From CDEx to QEdit and beyond.

Background

In late March 2019, I noticed that CDEx couldn't differentiate between PREGAP and INDEX 00. They specify the gap before INDEX 01: the start of a TRACK's content. PREGAP inserts such gap artificially when they are not in the audio stream, while INDEX 00 specifies the time code at which the gap resides in the audio stream. CDEx includes these gaps during extraction but erroneously uses PREGAP. There seemed to be no easy way to convert them to INDEX 00. So I set out to make my own solution.
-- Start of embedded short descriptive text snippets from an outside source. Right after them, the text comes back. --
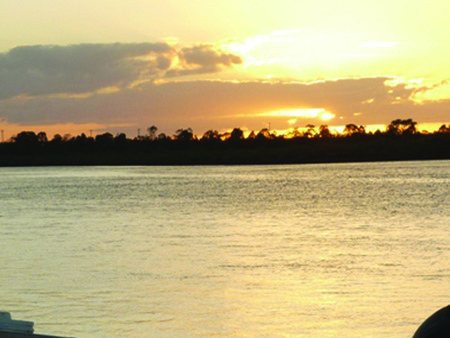 River sunset - water, sunset, river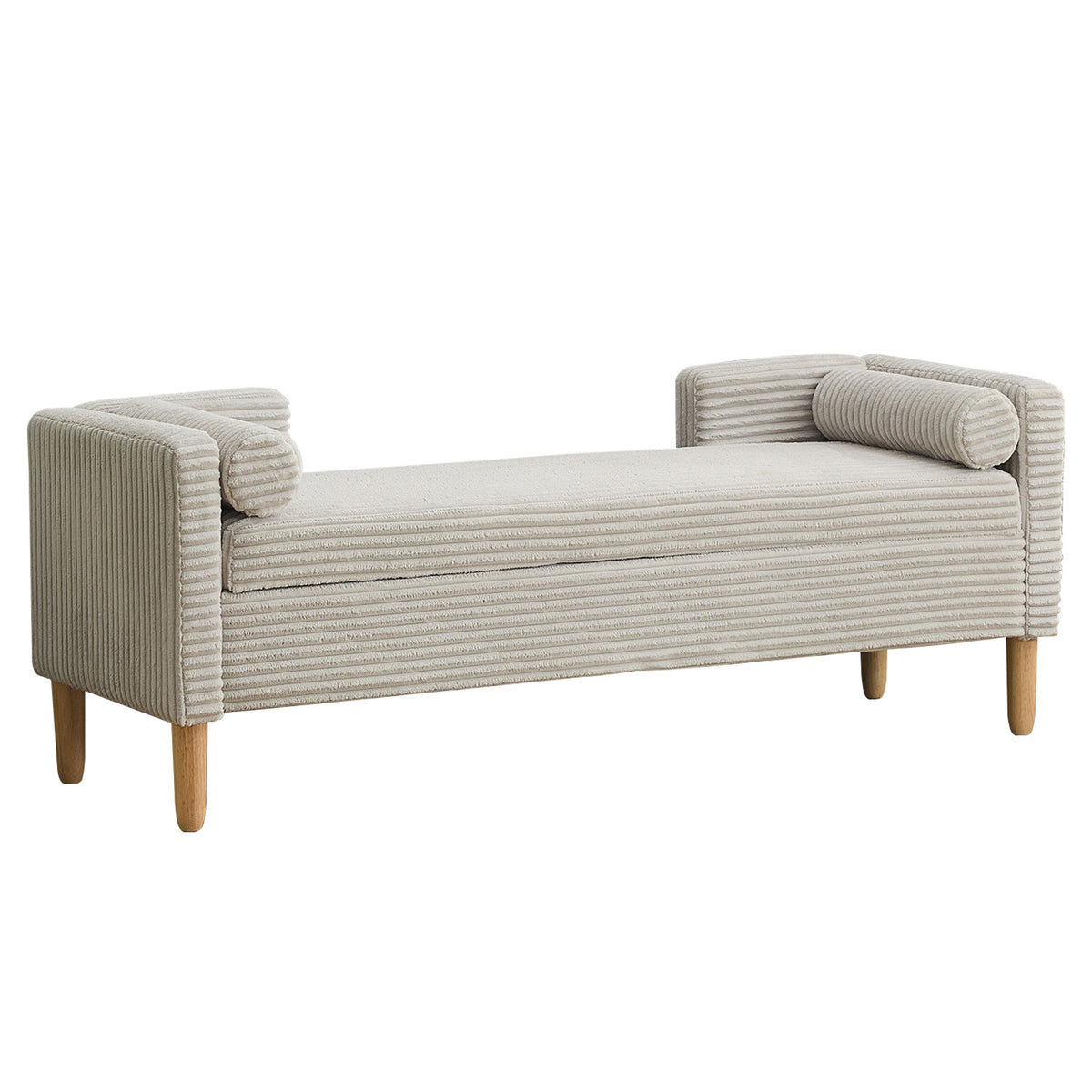 64.7' Upholstered Corduroy Flip-top Storage Bench with Rubberwood Legs, Armrests & Backrest for Bedroom, Living Room, Hallway, Light Gray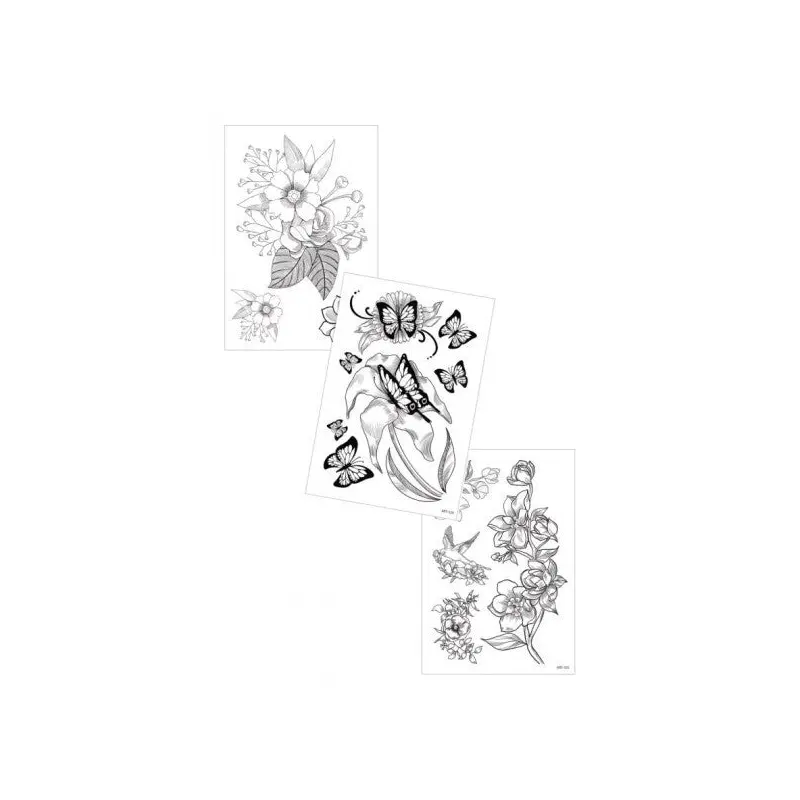 3-Piece Temporary Tattoo Set, Body Tattoo, Arm Wrist Tattoo, Neck Tattoo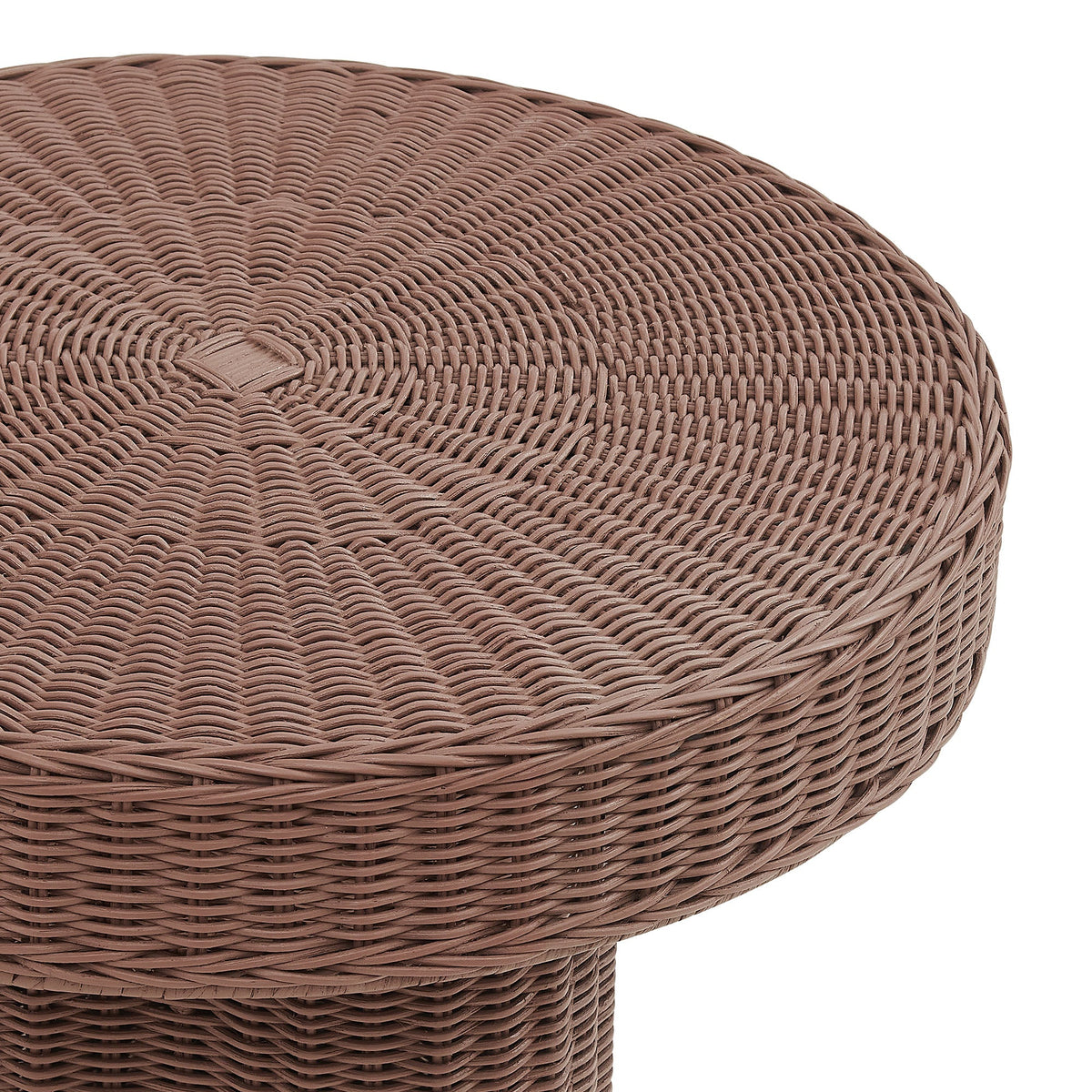 Sarova 20 Inch Natural Rattan Pedestal Side Table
Thus, four hours later, QEdit was born for that one purpose.

Developmental Releases

03/26/2019

Development A was rushed to terror but worked. It accepts as a directory input path to process cuesheets recursively. QEdit was described as hopefully a CUE sheet editor.

03/27/2019

Development B introduced actions, starting with pregapToIndex00, its reverse counterpart, and print.

06/13/2019

Development C improved the cuesheet parser with full INDEX support, brought more actions including --AdjustTime, and removed the directory recursion function.

04/18/2020

Development D marked this project as the first to have its own section in the Online Portal, the first to integrate with my Java API, and the first to support REM statements. The cuesheet checker was matured to comply with most of the original specifications.

08/27/2021

Development F featured a word-detecting cuesheet parser, remedy suggestions, and custom statement support. The then renamed shift-times action can now use the absolute-first INDEX as the frame offset. This is useful for extractions that exclude content prior to the first TRACK--such as HTOA--but produce the correct cuesheets. Additive PREGAP-INDEX conversions move as much time to targets as possible, even if they already exist.